The UK’s mortgage rate trajectory diverges from much of Europe, where rates remain significantly lower. Spanish banks are offering home loans around 2.98%, the lowest in the Eurozone, while France’s average for new borrowers is roughly 3.11%, according to mid-2025 data from Upscore. The gap reflects both the UK’s higher base rate (3.75% versus the ECB’s 2.0%) and structural differences in mortgage markets. The ECB noted that inflation should stabilise at the 2% target over the medium term, while staff projections put growth at 1.4% in 2025 and 1.2% in 2026.

What to Watch

The Bank of England’s 19 March decision will signal whether policymakers view the energy shock as transitory or a fundamental threat to the disinflation path. Market pricing suggests a hold is now near-certain. Borrowers should monitor swap rate movements daily; any sustained move above 4% on 5-year swaps would likely trigger another wave of repricing.
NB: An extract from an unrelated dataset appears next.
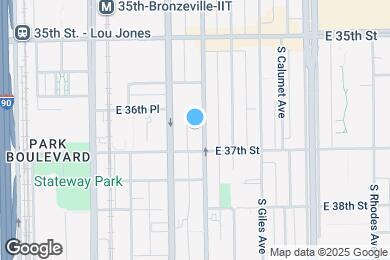 Map image of the property - 3654 S Indiana Ave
Energy markets remain the critical variable: if Brent crude holds above $85/barrel through April, inflation could print above 3.5% in Q2, forcing the MPC to delay cuts until late 2026 or beyond. For the 1.8 million households facing remortgaging this year, the advice is increasingly clear: lock rates sooner rather than later, and prepare for monthly payments potentially 20-30% higher than current deals.